Thursday, 12 March 2009
The Reader by Bernhard Schlink
(Film tie-in edition, Phoenix 2008; £7.99; 240pp)
Translated from the German by Carol Brown Janeway
I have to admit, my three main reasons for reading this book were: a) the huge popularity of the film, b) my admiration for both Kate Winslet and Ralph Fiennes, who star in it, and c) the word 'Schlink', which can be pronounced in all sorts of amusing ways and bears a pleasing resemblance to 'slinky'. I wasn't that keen to read it for itself. Books about the Holocaust don't appeal to me: my granny can tell me as much about that as I need to know, and I wasn't keen on meeting a fictional character who carried some weight of responsibility for my great-great-grandmother's death. My mum had also read the first part of it and said the translation was clunky and unnatural, and not bothered to finish it, which for a book so short and a reader so avid is ominous.
But anyway.
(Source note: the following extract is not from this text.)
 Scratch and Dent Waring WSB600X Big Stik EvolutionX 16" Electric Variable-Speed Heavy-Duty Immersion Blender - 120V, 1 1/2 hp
I picked it up off our table and read it. It's a quick enough read: only 220 pages' (the other 20 pages are filled with rather patronising reading group notes) worth of quite widely-spaced text, with chapters that are only three or four pages long. A couple of hours is more than enough. For those of you who haven't been saturated with the story: fifteen-year-old Michael Berg has a highly sexualised fling with a woman named Hanna, who likes him to read books aloud to her in between snoozing and bathing and shagging. Then one day she abruptly leaves town. Michael goes on to university, then law school, and ends up one day at the trial of several female ex-Nazi guards. Hanna is among them, and he watches silently as she is sentenced.
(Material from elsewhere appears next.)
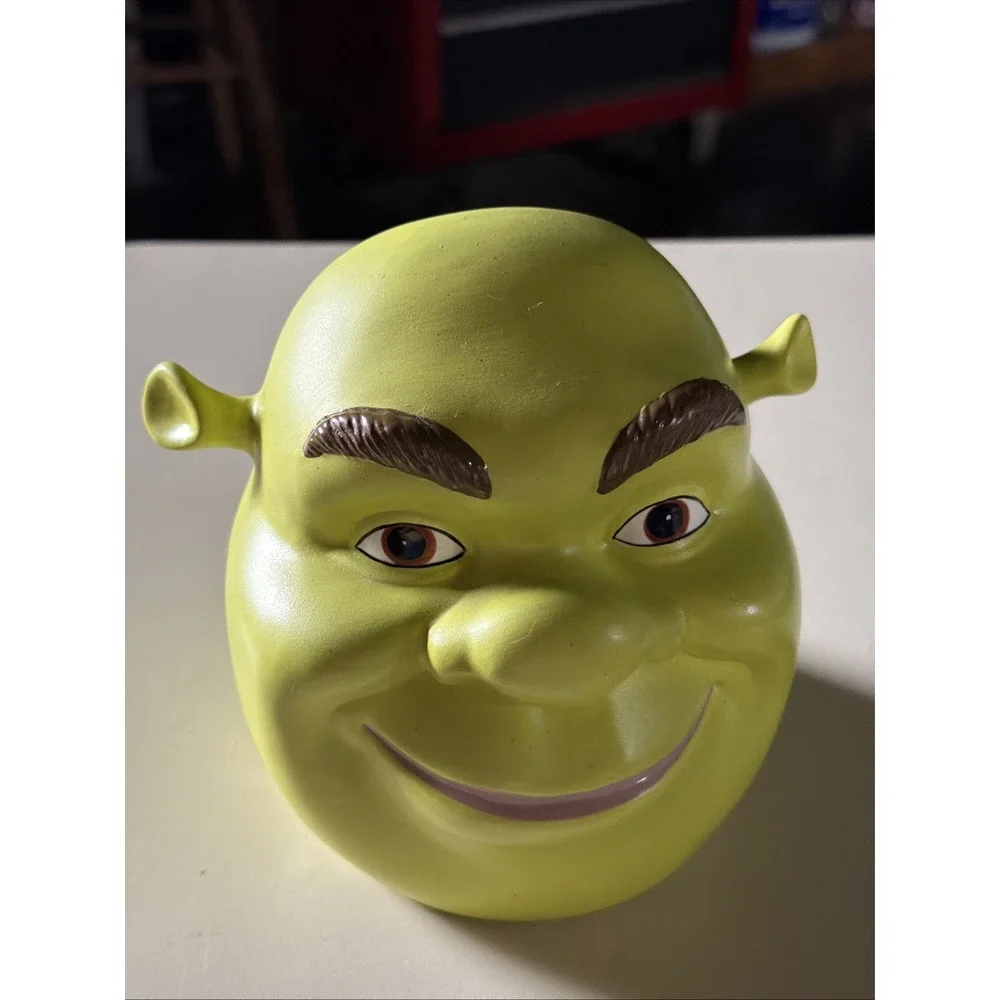 Vintage Rare Shrek Head Cookie/Candy Jar 7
There is a twist, which I knew before I started reading the book - and which, frankly, isn't that difficult to guess, though of course I knew what I was looking for. In fact, that was the huge problem I found reading this book: because it's quite short and the film has been so well publicised, there wasn't much about the plot I didn't already know. The best parts lay in the bits I wasn't expecting: there's a touching scene where Michael asks his philosopher father to help him solve a moral dilemma, for instance, and I loved the sparsely-drawn but surprisingly memorable governor of the prison where Hanna ends up. I couldn't help agreeing with my mum on the stylistics of the book, but I think there's a bit more to it than bad translation: the prose is abrupt, and in places comes across as emotionally sterile because Schlink doesn't give much away on, for instance, the relationship between Michael and his parents (until the lovely scene with his father), or the abortive friendships he forms at school. Still, I'm inclined to give Schlink the benefit of the doubt and believe that this is part of Michael's personality: by his own admission, he tends to think too much with the head and not enough with the heart, so any story he writes will naturally be analytical, concise and, for want of a better word, very 'German'.
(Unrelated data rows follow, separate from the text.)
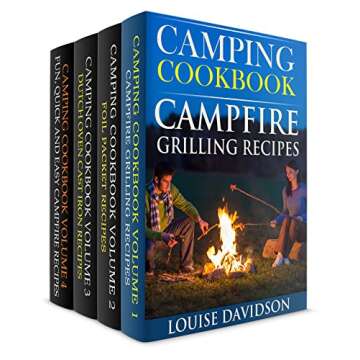 Camping Cookbook 4 in 1 Book Set - The Ultimate Guide for Outdoor Cooking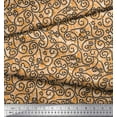 thumbnail image 2 of Soimoi Cotton Voile Fabric Swirl Abstract Printed Craft Fabric by The Yard 56 Inch Wide, 2 of 3
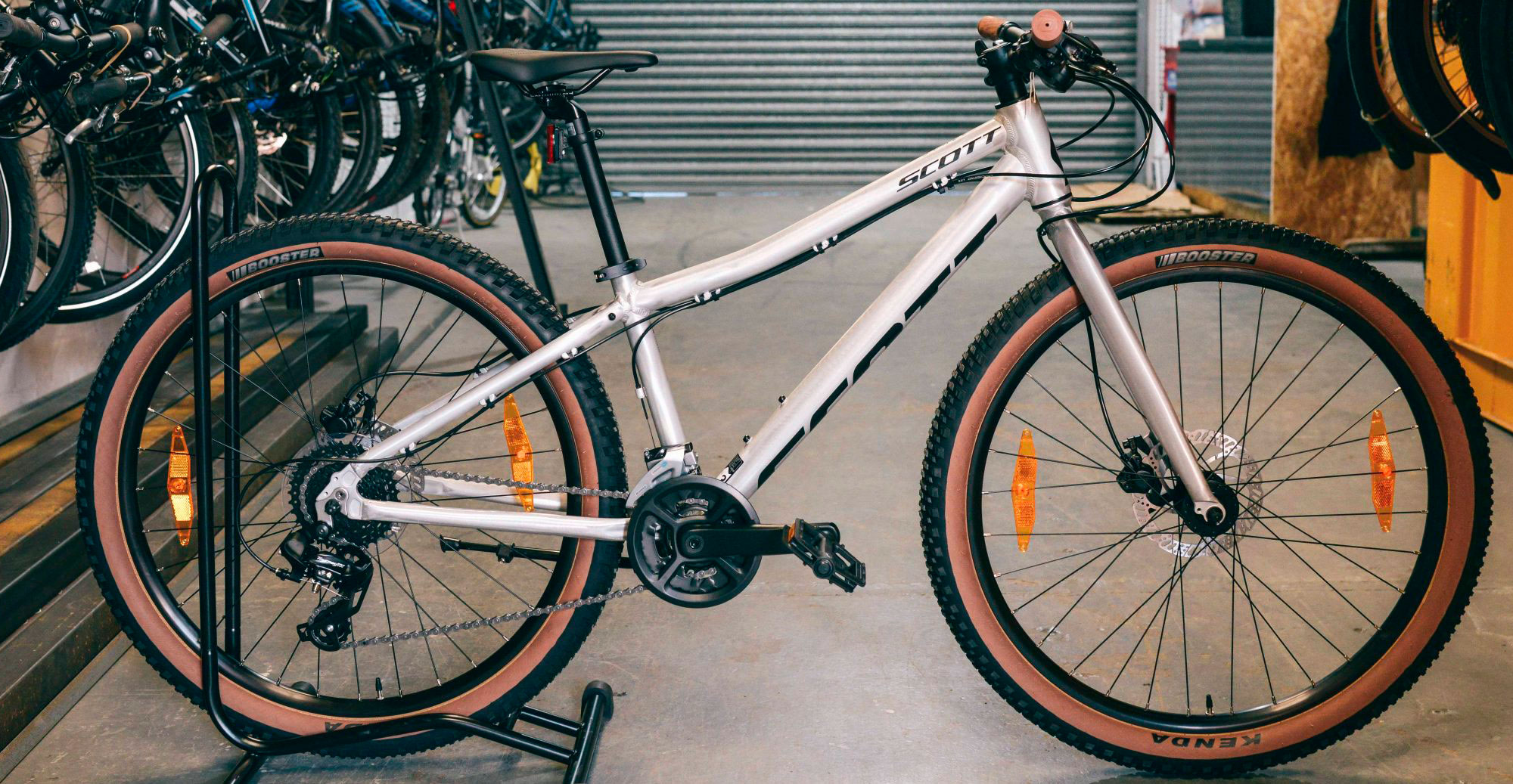 Фотография Велосипед Scott Scale rigid 26" размер XXS Silver 2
Indeed, you can feel the writer's nationality in the translation (I couldn't help but imagine Hanna speaking with a German accent, which didn't seem right to me) - but unless we want to get into the huge translation debate and argue that it's better to give a text a new, 'British' identity rather than attempting, and inevitably failing, to retain its original 'German' one, I don't think this is necessarily a fault. The book itself is about the generation whose parents served for and collaborated with the Nazis, their shame and guilt, so in this case its German character carries meaning in itself.
In writing this review I've realised that I actually liked the book much more than I either expected to or thought I had while I was reading it. It doesn't pretend to be much more than a novella (although the publishers make some attempt at this pretence with the luxurious spacing and thick paper - it looks much more than 240 pages long), and whilst the moral discussion is rather thinly-disguised as the character's rather than the author's, the plotline is simple and sticks to a small, exquisitely-complicated part of its characters' psyche. Hanna is, quite frankly, a brilliant character: unmistakeably womanly yet curiously childlike, violent, earnest and beautiful. The third section of the book, where she is in prison, was for me its triumph, the most convincing and poignant. This book grows on you, and though I might not wholeheartedly share the ravings of the reviews quoted inside the cover ("Read it ... and read it again"), I would suggest that there are far worse ways to quietly pass a Sunday afternoon than this thoughtful, decidedly un-slinky book.